In my position as a college instructor, I see many places where fancy web page design gets people with visual problems, dyslexia, or learning disabilities into trouble. Here are my suggestions for making your web pages more accessible:
1. No angry fruit salad.
If you put a huge amount of intricate graphics on the page, it distracts the accessibility user, and he has trouble reading the text. My computer dictionary calls this explosion of graphics "angry fruit salad."
2. No text on top of graphics.
Some visual learning disabilities (including dyslexia) cause text placed on top of graphics to become unreadable. This also includes the text on watermark text in the submission window used to post this.
3. Don't change link colors.
People with learning disabilities use the standard colors to find links. They can also set their accessibility browsers to return the colors to standard. If you change the link colors, or if you place the link in an object with a colored background that matches a standard link color, they can't find the links.
4. No moving images for any purpose other than to show how something works.
Moving images trigger responses in certain individuals that attract the eye away from the text. So they never get to finish reading the text.
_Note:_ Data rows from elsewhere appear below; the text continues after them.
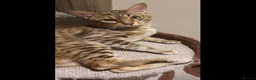 Savannah cats for sale: Beautiful Active male Savannah - Advert 2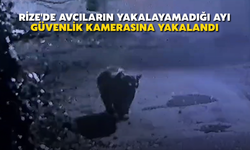Rize'de Avcıların Yakalayamadığı Ayı Güvenlik Kamerasına Yakalandı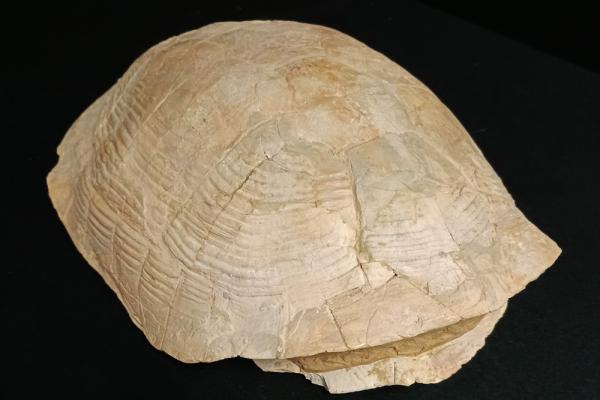 Stylemys Nebrascensis
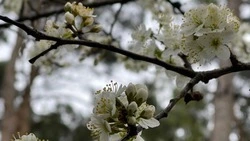 Рабочая неделя в Белгородской области начнëтся с тепла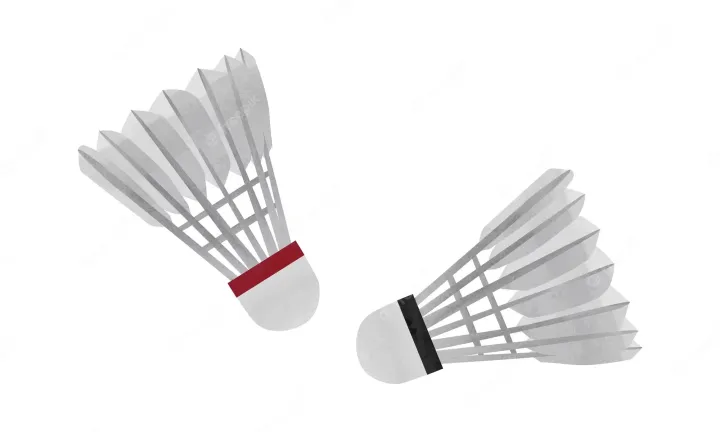 Enjoy%20Badminton%20With%20Shuttlecock%20Pack%20Of%202%20Feather%20Shuttle%20Badminton%20Cork%20-%20High-Quality%20Feathers%20For%20Smooth%20Play%20-%20Image%205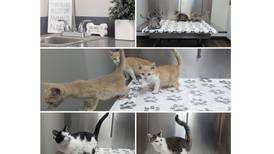 Baran-Unland: 33 kittens at Joliet vet’s office need good homes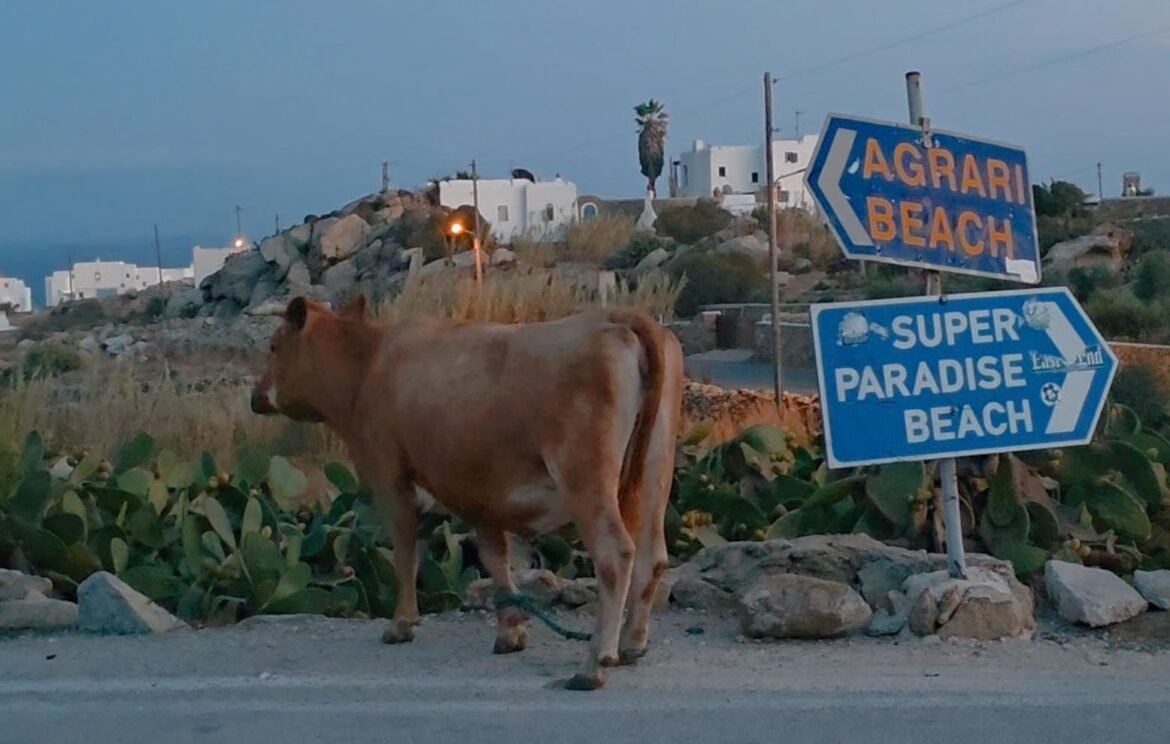 Μύκονος: Μεγάλο δίλημμα για μία αγελάδα στην Μύκονο – «Super Paradise ή Αγράρι;» – ΒΙΝΤΕΟ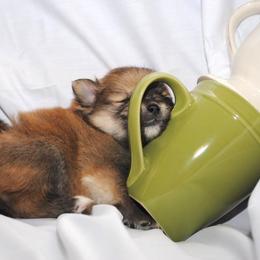 Pomeranian Puppies from DeMi Poms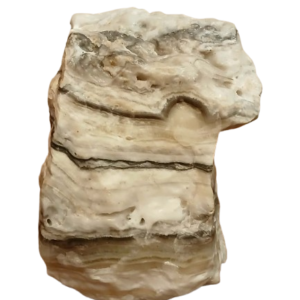 Zebra Calcite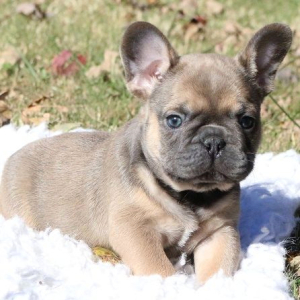 French Bulldog Puppy Gage
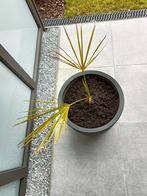 Palmboom stekje, Jardin & Terrasse, Plantes | Arbres, Enlèvement, Palmier, Moins de 100 cm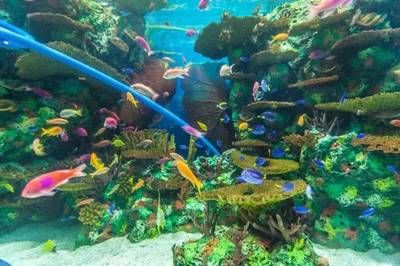 上海水族館，上海水族館內(nèi)特色生物介紹上海水族館內(nèi)特色生物介紹 魚缸百科 第5張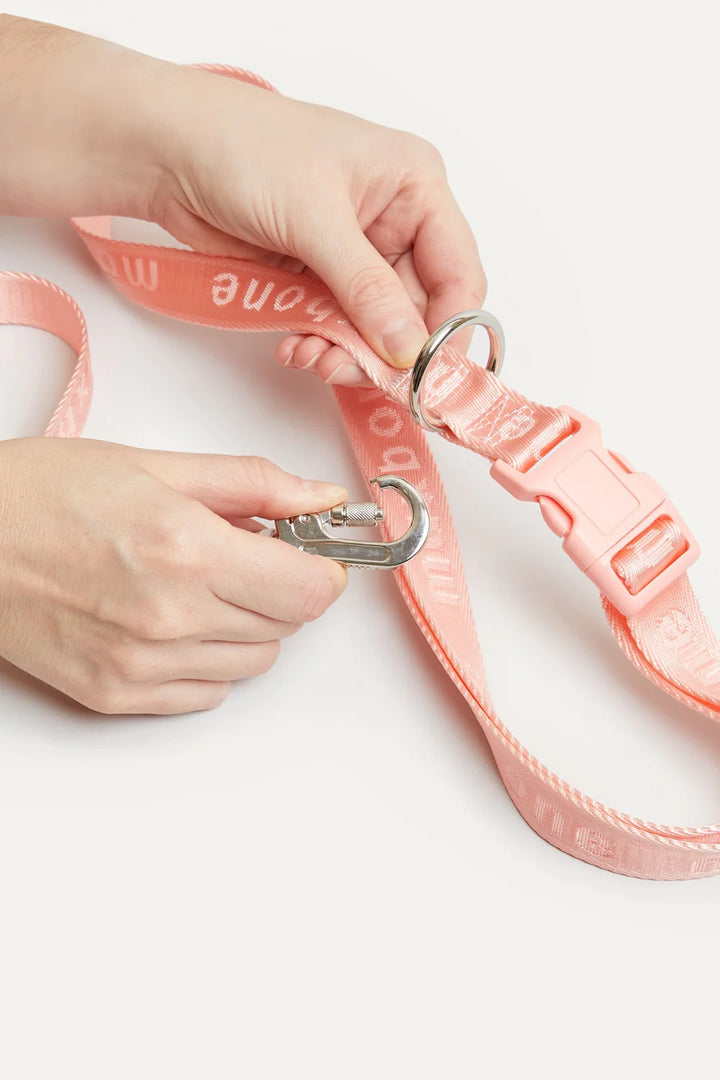 Hands Free Leash in Peach - Madison's Niche 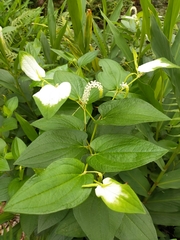 Saururus chinensis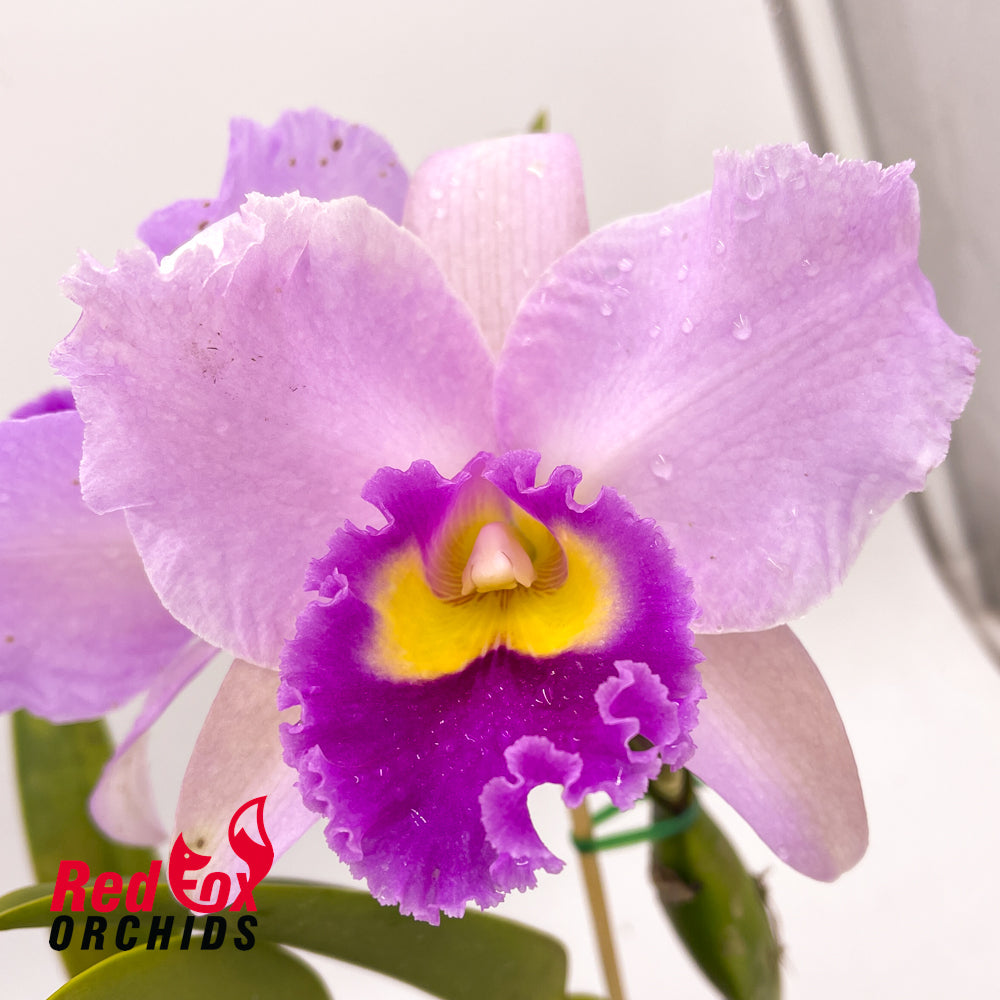 Brassolaeliocattleya Burdekin News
If you must have a moving image, include a button to start the motion.
5. No mouseovers.
A mouseover function that makes something change usually makes the person with learning disabilities think something went wrong, or that the page he was browsing went away. This can be frightening for a beginner, because he thinks he did something wrong. Require a mouse click for each action.
6. No dropdown menus.
The person with learning disabilities can't find the link he wants, because he doesn't associate the name of the dropdown menu with the link he wants. And mouseover dropdowns have the same trouble other mouseovers have.
7. Don't use tables in non-tabular situations if you can avoid it.
Reading browsers for the blind give row and column information for each table cell. This is confusing if the table is used for other purposes. It is the reason the W3C wants tables to be avoided in non-table situations.
8. No rotating galleries or moving banners.
These combine the troubles of moving images with the "lost the page" fear from the mouseovers.
9. Don't make anything blink!
Blinking objects, especially those that blink fast, can cause epileptic seizures.
10. Leave space between items.
Some people, including many aged people, have trouble positioning a mouse with precision. Don't put clickable objects too close together.